Doubt in finding probability of an event from the conditional probability

Question

I am studying about conditional probability and see a problem given as

In the solution$P(B_1)=P(B_2)=P(B_3)=1/3$ is taken.

From set point of view, event $B_1$ can be seen as ${\{R,R,R,R,G,G,G,B,B,B,B,B}\}$ and $R\cap B_1={\{R,R,R,R}\}$.
So $P(R\cap B_1)=|R\cap B_1|/|B_1|=P(R\cap B_1)/P(B_1)$.

Here our sample space is like ${\{R,...,R,G,...,G,B,...,B}\}$.

If we have to calculate P(R), so shouldn't we have to use $P(B_1)=|B_1|/|S|= 12/30=4/10$ instead of 1/3.
Because the formula used in the solution, holds only when we don't change our sample space from ${\{R,...,R,G,...,G,B,...,B}\}$ to ${\{B_1,B_2,B_3}\}$.

Also in the solution probability of choosing red ball is incorrect not equal to number of red balls divided by this total number of balls. If we use $P(B)=|\text{Number of balls in box B}|/|\text{Total number of balls}|$, then we get $P(R)= 1/3$.

Is the solution incorrect, or my way of thinking is incorrect. Please clarify the doubt.

Answer 1

Your way of thinking is incorrect. You are assuming that since the total number of balls in the 3 boxes is 30, each of the balls has a $(1/30)$ chance of being picked.

This is wrong. In fact, because box 2 contains only 8 balls and box 1 contains 12 balls, each ball in box 2 is 1.5 times more likely to be chosen than a ball in box 1.

To take an extreme case, suppose box 2 had 1 ball (of any color), and boxes 1 and 3 each had 100 balls (of any color). Then the ball in box 2 would be 100 times more likely to be chosen than any of the individual balls in either box 1 or box 3.

Addendum
Per OP's request.
Responding to his comment/question to Math Lover:

You questioned the formula

$$p(R) ~=~ \sum_{i=1}^3 p(B_i)p(R|B_i).\tag1 $$

Note that I have rearranged the factors in each term, with the $p(B_i)$ factor shown 1st to make the formula easier to intuit.

If I understand your question, you are questioning what would happen if the number of red balls in one of the boxes were to change.

Let's take an extreme case.

Suppose that Box 1 has 100 balls, all blue.
Suppose that Box 2 has 1 ball, which is red.
Suppose that Box 3 has 100 balls, all green.

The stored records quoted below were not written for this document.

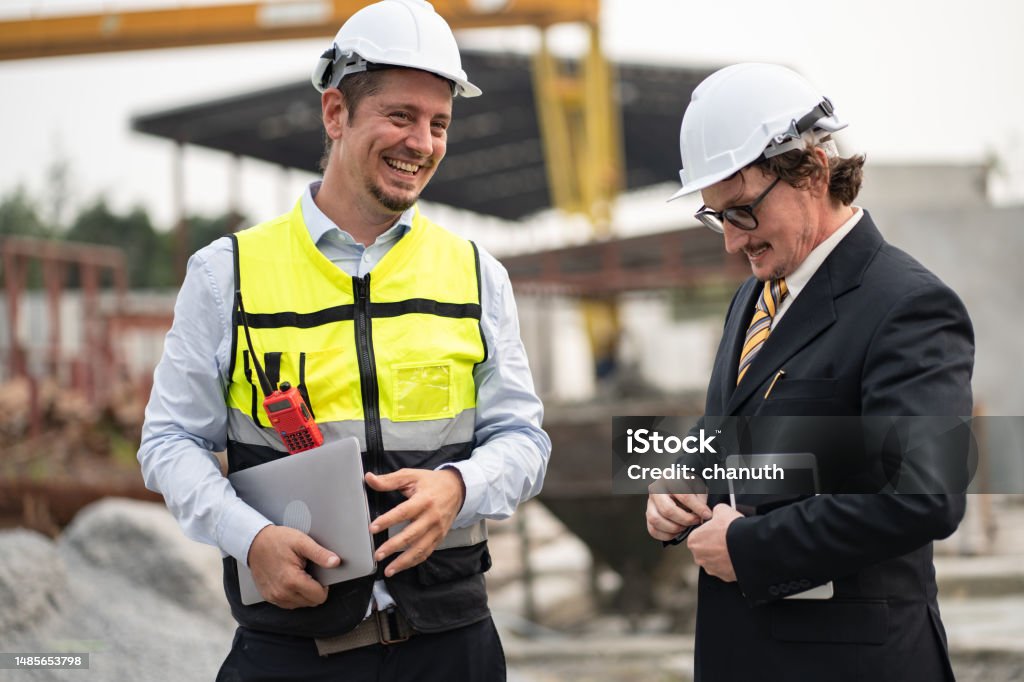 Comparing Performance Engineer Man Portrait Caucasian Engineer Man Working With Team Engineer At Precast ...
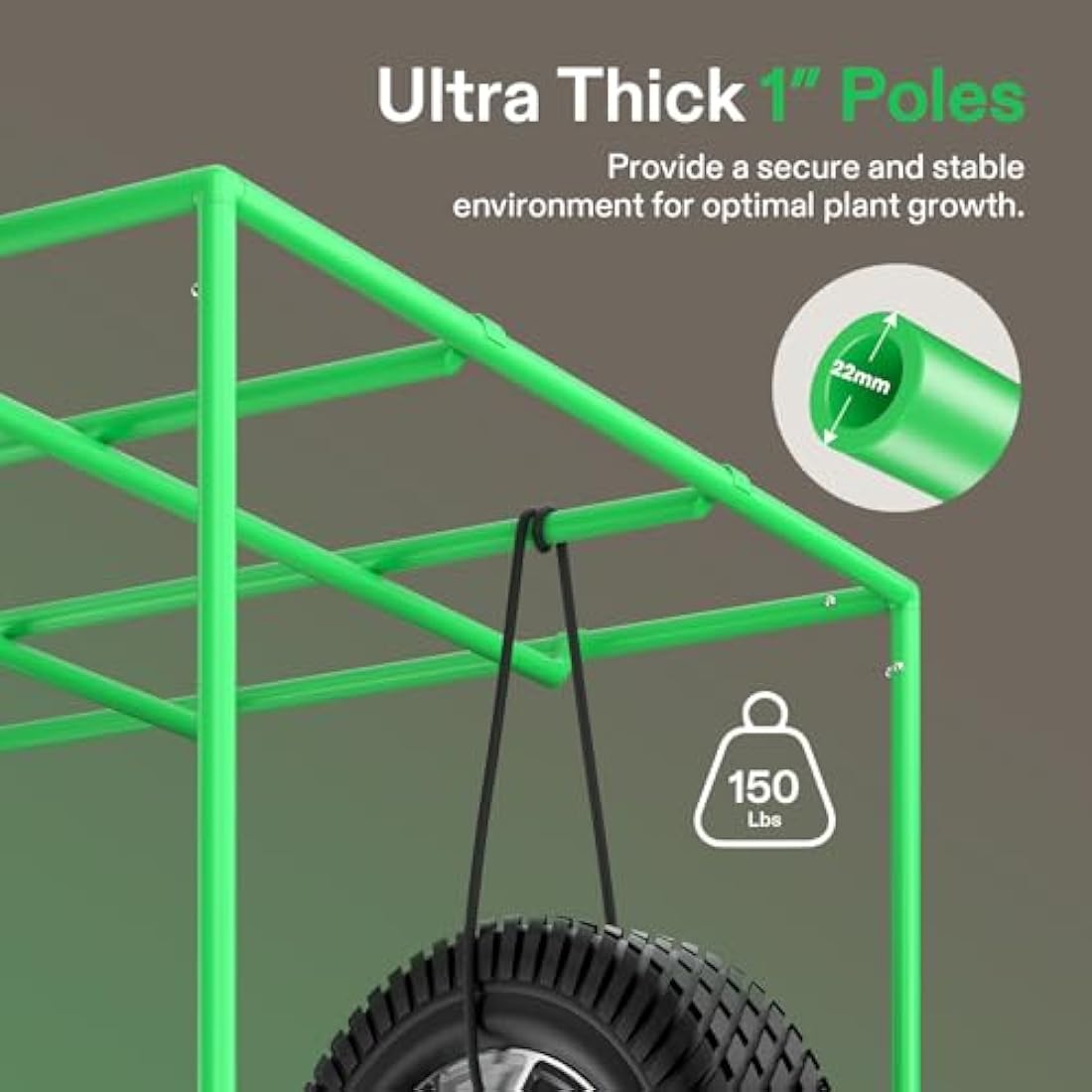 VIVOSUN Pro Grow Tent 60 x 60 x 120 cm Grow Tent with Thick 22 mm Poles, Oxford Fabric with Highly Reflective Mylar Extra Hanging Poles for Hydroponics P224 for AeroLight A100, No High CFM Set
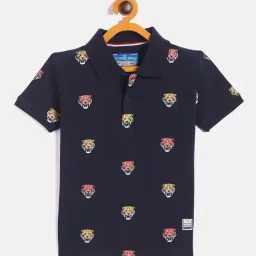 Duke Kids Navy Printed Polo T-Shirt-image-47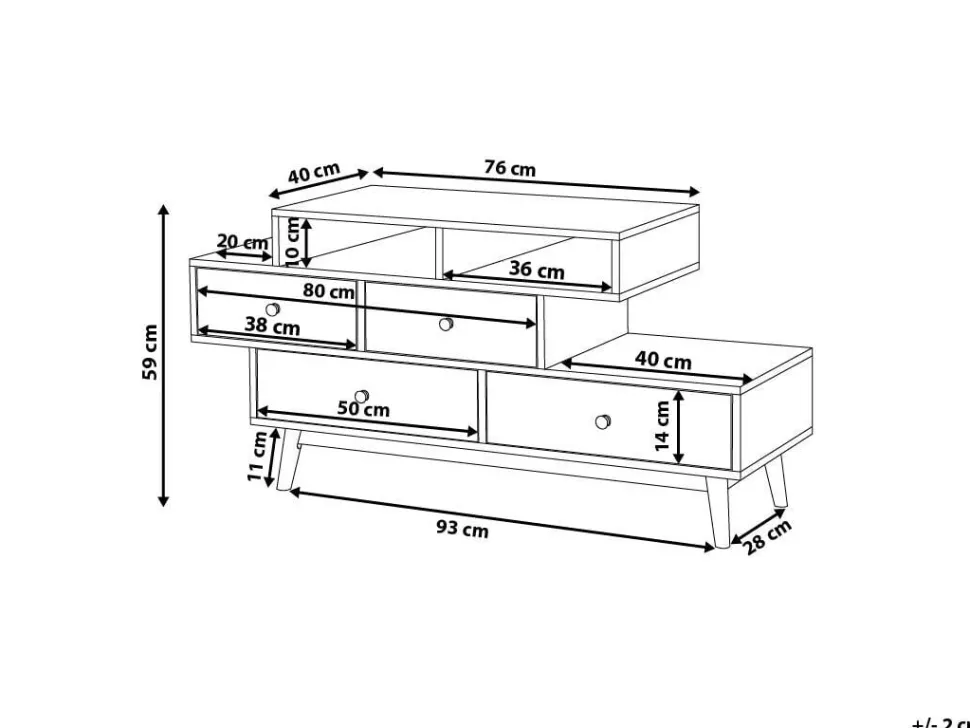 Comoda Com 4 Gavetas Castanha Irvine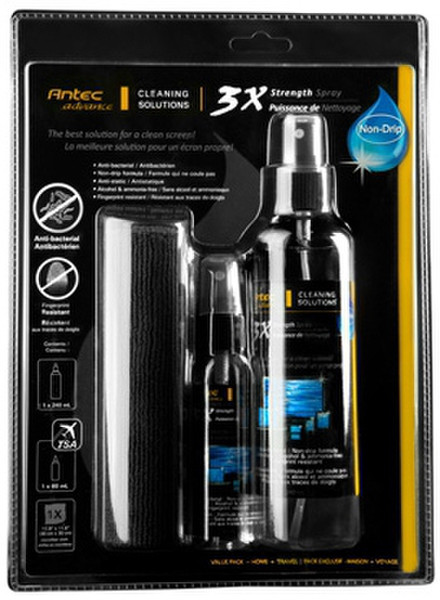 Antec 3X Cleaner Spray 240 + 60ml Экраны/пластмассы Equipment cleansing wet/dry cloths & liquid 240мл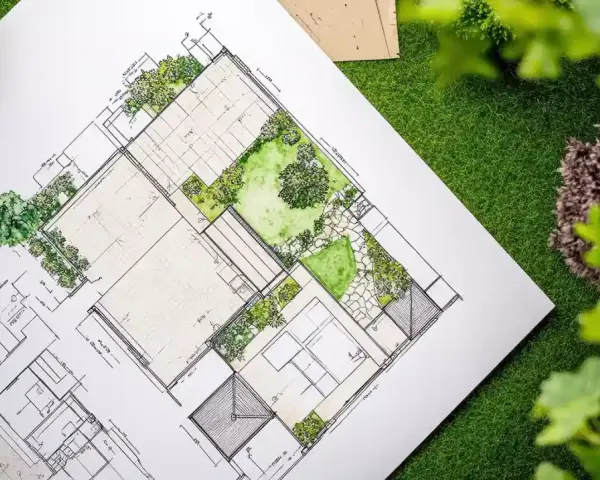 Plano detallado de paisajistas de jardines, con áreas verdes, caminos y estructuras, sobre césped artificial.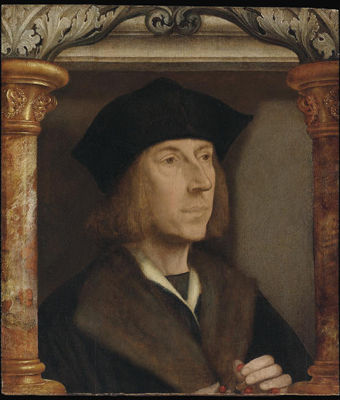 Quentin Matsys : Portrait of gentleman, bust-length, in a fur-lined coat, telling a rosary, set in an architectural surround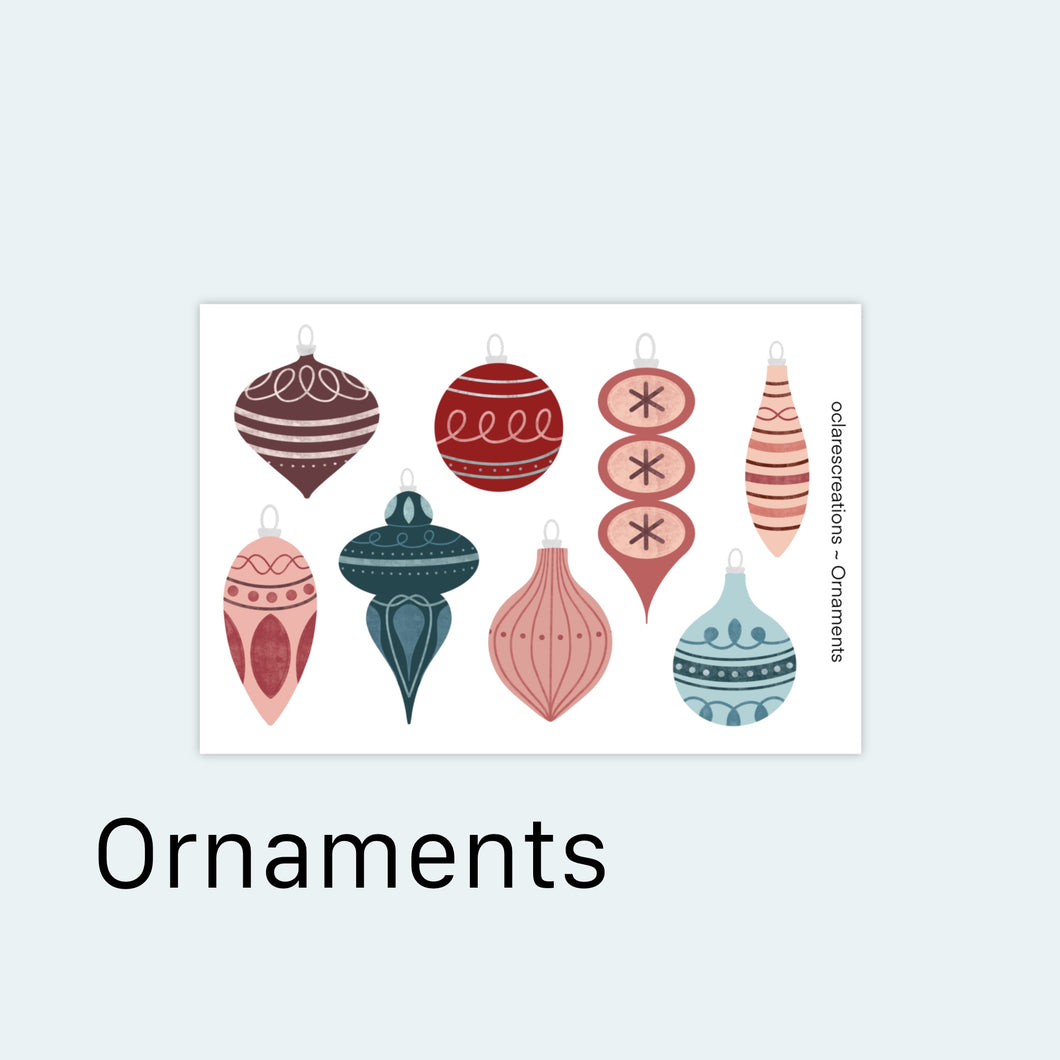 Ornaments Sticker Sheet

According to the summation formula, the chance that a red ball would be selected is

$$\left(\frac{1}{3} \times \frac{0}{100}\right) ~+~ \left(\frac{1}{3} \times \frac{1}{1}\right) ~+~ \left(\frac{1}{3} \times \frac{0}{100}\right) = \frac{1}{3}.$$

In fact, in this extreme case, the probability that the ball chosen is red is in fact $\frac{1}{3},$ so the formula continues to be accurate.